# Task description
From the line containing "Budgerigars birds for" down to the last line of the records below, restate each line word for word and leave out the rest.
[Listed entries — start]
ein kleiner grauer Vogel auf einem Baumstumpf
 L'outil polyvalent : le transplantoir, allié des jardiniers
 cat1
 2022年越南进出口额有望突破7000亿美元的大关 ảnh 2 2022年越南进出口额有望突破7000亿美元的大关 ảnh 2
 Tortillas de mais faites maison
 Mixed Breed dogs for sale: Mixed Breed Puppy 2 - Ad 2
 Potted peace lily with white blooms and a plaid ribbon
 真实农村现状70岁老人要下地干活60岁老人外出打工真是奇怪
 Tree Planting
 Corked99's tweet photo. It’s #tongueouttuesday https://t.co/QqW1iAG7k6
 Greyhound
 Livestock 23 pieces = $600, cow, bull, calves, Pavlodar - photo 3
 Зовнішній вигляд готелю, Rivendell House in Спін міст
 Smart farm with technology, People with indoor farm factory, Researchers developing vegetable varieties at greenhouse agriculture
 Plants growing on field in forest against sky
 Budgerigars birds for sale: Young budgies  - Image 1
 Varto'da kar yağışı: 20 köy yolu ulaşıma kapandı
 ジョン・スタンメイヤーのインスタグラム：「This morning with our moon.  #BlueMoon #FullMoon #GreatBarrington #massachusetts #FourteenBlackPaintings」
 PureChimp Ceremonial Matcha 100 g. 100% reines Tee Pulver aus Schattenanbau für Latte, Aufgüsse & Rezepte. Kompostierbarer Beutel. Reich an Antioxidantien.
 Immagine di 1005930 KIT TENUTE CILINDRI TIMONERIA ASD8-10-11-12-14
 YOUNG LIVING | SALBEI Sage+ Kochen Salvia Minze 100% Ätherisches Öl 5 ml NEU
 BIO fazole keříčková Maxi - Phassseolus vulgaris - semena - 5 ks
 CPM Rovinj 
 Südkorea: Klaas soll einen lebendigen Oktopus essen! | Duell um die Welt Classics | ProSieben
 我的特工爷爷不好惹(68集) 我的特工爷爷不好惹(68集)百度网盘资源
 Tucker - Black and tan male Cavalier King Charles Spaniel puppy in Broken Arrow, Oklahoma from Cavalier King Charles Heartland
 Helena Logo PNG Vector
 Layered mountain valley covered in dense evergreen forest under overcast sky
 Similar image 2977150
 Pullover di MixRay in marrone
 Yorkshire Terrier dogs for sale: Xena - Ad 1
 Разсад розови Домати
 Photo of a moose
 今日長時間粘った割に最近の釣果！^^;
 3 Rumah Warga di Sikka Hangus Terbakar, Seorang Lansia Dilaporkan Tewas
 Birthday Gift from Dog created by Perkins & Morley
[Listed entries — finish]
# Expected output
 Budgerigars birds for sale: Young budgies  - Image 1
 Varto'da kar yağışı: 20 köy yolu ulaşıma kapandı
 ジョン・スタンメイヤーのインスタグラム：「This morning with our moon.  #BlueMoon #FullMoon #GreatBarrington #massachusetts #FourteenBlackPaintings」
 PureChimp Ceremonial Matcha 100 g. 100% reines Tee Pulver aus Schattenanbau für Latte, Aufgüsse & Rezepte. Kompostierbarer Beutel. Reich an Antioxidantien.
 Immagine di 1005930 KIT TENUTE CILINDRI TIMONERIA ASD8-10-11-12-14
 YOUNG LIVING | SALBEI Sage+ Kochen Salvia Minze 100% Ätherisches Öl 5 ml NEU
 BIO fazole keříčková Maxi - Phassseolus vulgaris - semena - 5 ks
 CPM Rovinj 
 Südkorea: Klaas soll einen lebendigen Oktopus essen! | Duell um die Welt Classics | ProSieben
 我的特工爷爷不好惹(68集) 我的特工爷爷不好惹(68集)百度网盘资源
 Tucker - Black and tan male Cavalier King Charles Spaniel puppy in Broken Arrow, Oklahoma from Cavalier King Charles Heartland
 Helena Logo PNG Vector
 Layered mountain valley covered in dense evergreen forest under overcast sky
 Similar image 2977150
 Pullover di MixRay in marrone
 Yorkshire Terrier dogs for sale: Xena - Ad 1
 Разсад розови Домати
 Photo of a moose
 今日長時間粘った割に最近の釣果！^^;
 3 Rumah Warga di Sikka Hangus Terbakar, Seorang Lansia Dilaporkan Tewas
 Birthday Gift from Dog created by Perkins & Morley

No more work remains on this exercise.